Differential Equation
A differential equation involves functions and their derivatives. Here, we are dealing with an ordinary differential equation (ODE) written as \( y' = y^2 \), with an initial condition \( y(0) = 1 \).
This specific equation requires finding a function \( y \) such that its derivative with respect to \(x\), \( y' \), equals the square of \( y \).
This problem is tackled using our iterative process to approximate the function that satisfies both the differential equation and its initial condition.
  • The derivative \( y' \) is given as \( y^2 \).
  • An initial condition is stated: \( y(0) = 1 \).
  • The solution must satisfy these conditions through successive approximations.
Series Expansion
Series expansions allow functions to be expressed as infinite sums, enabling easier manipulation and understanding.
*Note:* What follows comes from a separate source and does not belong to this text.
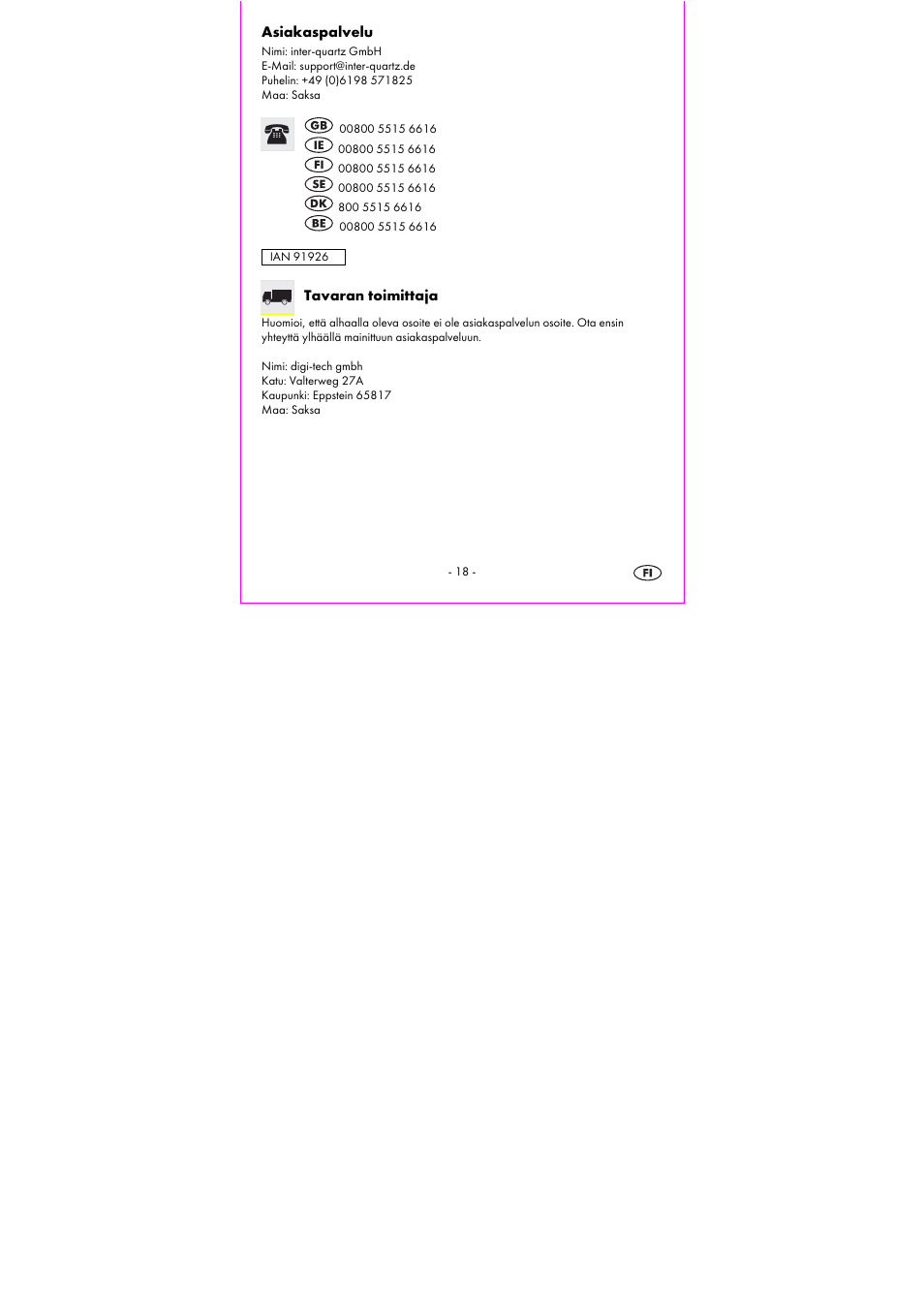 Auriol 2-LD3533-1 User Manual | Page 20 / 68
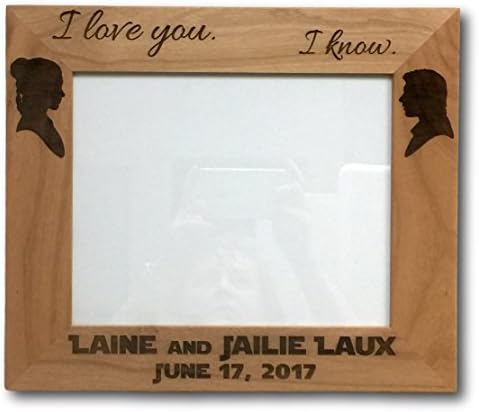 Award Zone I Love You I Know Picture Frame, Personalized, for 8" x 10" Photo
Here, the function \( \frac{1}{1-x} \) is key, which can be expanded into a geometric series:
  • The series expansion is \( \frac{1}{1-x} = 1 + x + x^2 + x^3 + \cdots \).
  • Each term corresponds to powers of \( x \), providing a polynomial approximation when summed up to \( n \) terms.
In our problem, as we iteratively solve for \( f_n(x) \), we notice a pattern. Each iteration accumulates terms similar to the series expansion of \( \frac{1}{1-x} \). This familiar pattern indicates that the iterations approximate the full series expansion as \( n \to \infty \), highlighting how we can connect iterative methods with series expansions.
Radius of Convergence
The radius of convergence is a concept that determines where a series converges to a finite value. For the series \( \frac{1}{1-x} = 1 + x + x^2 + x^3 + \cdots \), it converges when \(|x| < 1\).
  • This radius, here \( h = 1 \), sets the boundary within which we can safely say \( f_n(x) \to \frac{1}{1-x} \) as \( n \to \infty \).
  • Convergence within this interval ensures the validity of our iterative method over a range \(|x| < 1\).
By confirming convergence within the radius, we assure that as our iterations progress, the functions \( f_n(x) \) will indeed approach the desired function. Understanding this concept allows you to ascertain the domain where the iterative approximations remain accurate and meaningful.